Kleinkram: Leicht, aber (meistens) nützlich

Irgendwann unterwegs hatte ich das angenehme Gefühl, dass ich genau die richtige Menge von nützlichem Kleinkram dabei hatte. Eigentlich war ich für alle Situationen perfekt gewappnet — aber ohne mich daran zu Tode zu schleppen. Vieles von dem Zeug wiegt kaum was, erweist sich aber irgendwann als sehr nützlich:

  • Reserve-Heringe und -Schnüre fürs Zelt: Auch bei Sturm gut aufgestellt.
  • Pflaster, Mückenschutz, Sonnencreme, Wundsalbe: Brauchte ich alles.
  • Stirnlampe: Hab ich nicht gebraucht, wiegt aber auch nur 50g und gibt einem Sicherheit.
  • Gamaschen, Barfußschuhe: Variabel ausgrüstet für verschiedene Typen von Flußdurchquerungen — mal eine Furt durchwaten, mal über überspülte Felsbrocken hüpfen.
  • In-Ear-Kopfhörer Shure SE 112: Wie schön, zwischendurch mal etwas Musik hören zu können — bei nur 18g!
  • PET-Flasche und 10l-Wasserbeutel: So konnte ich auch mal da zelten, wo nicht unmittelbar ein Bach entlangfließt.
  • Sonnenbrille: Trag ich ungern, auf den Schneefeldern aber sehr augenschonend.
  • Mückennetz für den Kopf: Na gut, da war die Anti-Mücken-Lotion praktischer, da kommt einfach keine Mücke in deine Nähe. Wiegt aber auch fast nichts.
  • Sonnenhut: Sehr leicht und unglaublich angenehm zu tragen. Hat mich wirklich an mehreren Tagen in größerer Höhe vor einem Sonnenstich bewahrt und auch meine (großen) Ohren gut beschirmt.
  • Kosmetik: Von allem nur die Probierpackungen aus der Drogerie, z.B. bei Zahnpasta. Das reicht von der Menge her vollkommen. Und so hatte ich sogar ein Deo-Spray dabei! Völlig überflüssig, hat mir aber doch gelegentlich ein Feiertagsgefühl vermittelt.
  • Sehr leichte Unterziehhandschuhe: Wärmen bei Regen. Dieses Paar hatte ich im Angebot für unter 10 Euro gekauft, sie haben sich in Kombination mit den Wanderstecken blitzschnell aufgelöst — Nähte offen und durchgerieben. Nächstes Mal kauf ich was Vernünftiges.
  • Ultraleichte und wasserdichte Packbeutel in verschiedenen Größen: Hilfreich beim Packen, beim Herumwühlen im Rucksack und auch bei Regen, vor allem, wenn der eigentliche Regenüberzug für den Rucksack inzwischen alles Wasser einfach durchlässt. :-(
  • Nadel und Faden: Das i-Tüpfelchen auf einer verantwortungsvollen Vorbereitung. Damit hätte ich alles flicken können. War aber nicht nötig.
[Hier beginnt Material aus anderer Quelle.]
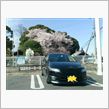 桜をバックに…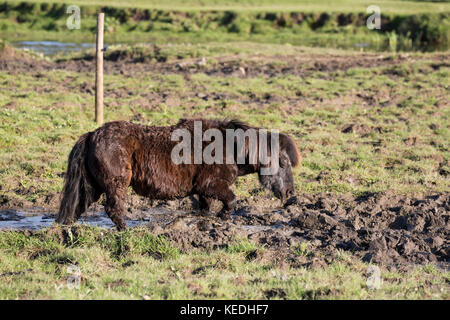 Petit Poney pataugeant par champ boueux Banque D'Images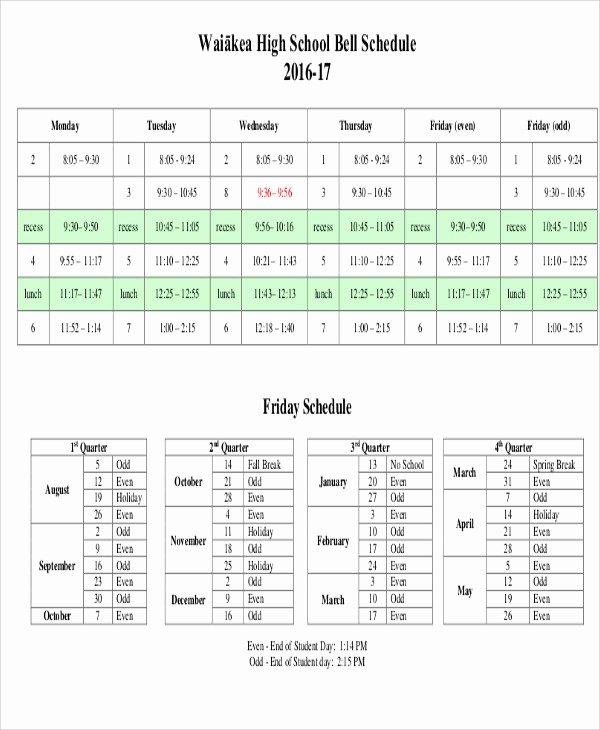 High School Schedule Template Awesome School Schedule Template 11 Free Samples Examples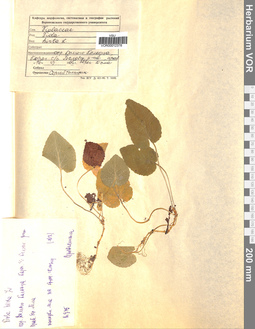 VOR 0012376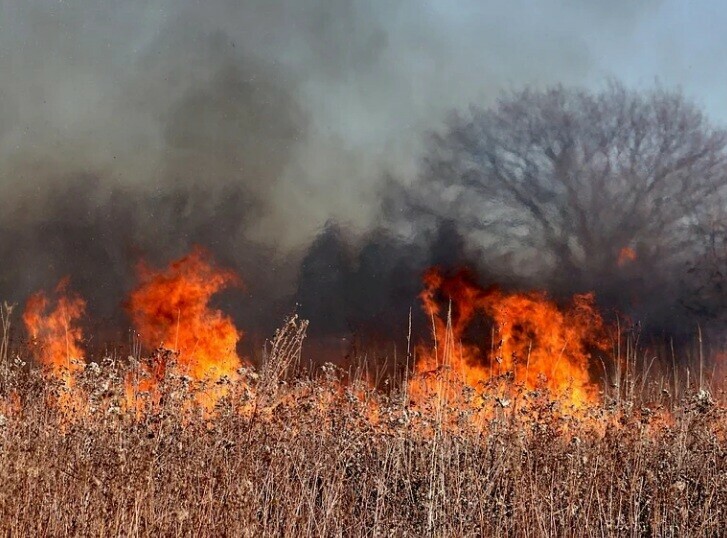 В амурском селе четвероклассник устроил пал и едва не спалил жилые дома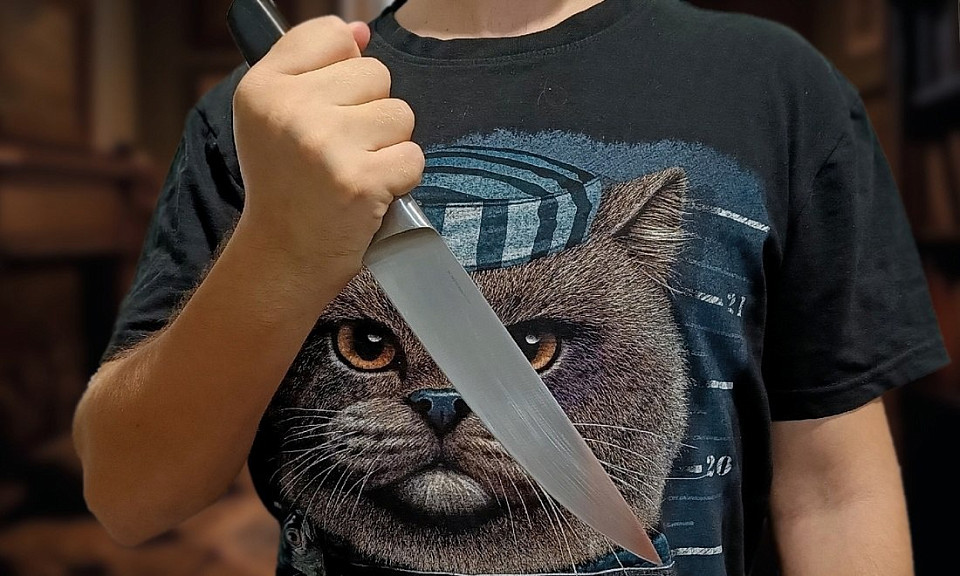 Фото: Дарья Черникова, "Горсайт"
Zusammen kam mein Rucksack auf ein Basisgewicht ohne Essen von 12-13kg, konkret unterwegs waren es dann mit Essen und der Flasche mit einem Liter Wasser (oder angemischtem Zitronentee) etwa 16–17kg. Für manche ist das richtig viel, aber ich fand das gut. Das war angenehm ohne Qual zu tragen, und ich hatte wirklich alles dabei, was ich auf so einer langen Tour brauchen würde. Ich konnte es mir ohne Entbehrungen richtig gut gehen lassen. Am Abend habe ich bewusst meinen Körper gepflegt, auf warme Kleidung, gutes Essen, ein gemütliches Lager geachtet, so dass ich trotz all der Anstrengung des Gehens immer fit geblieben bin.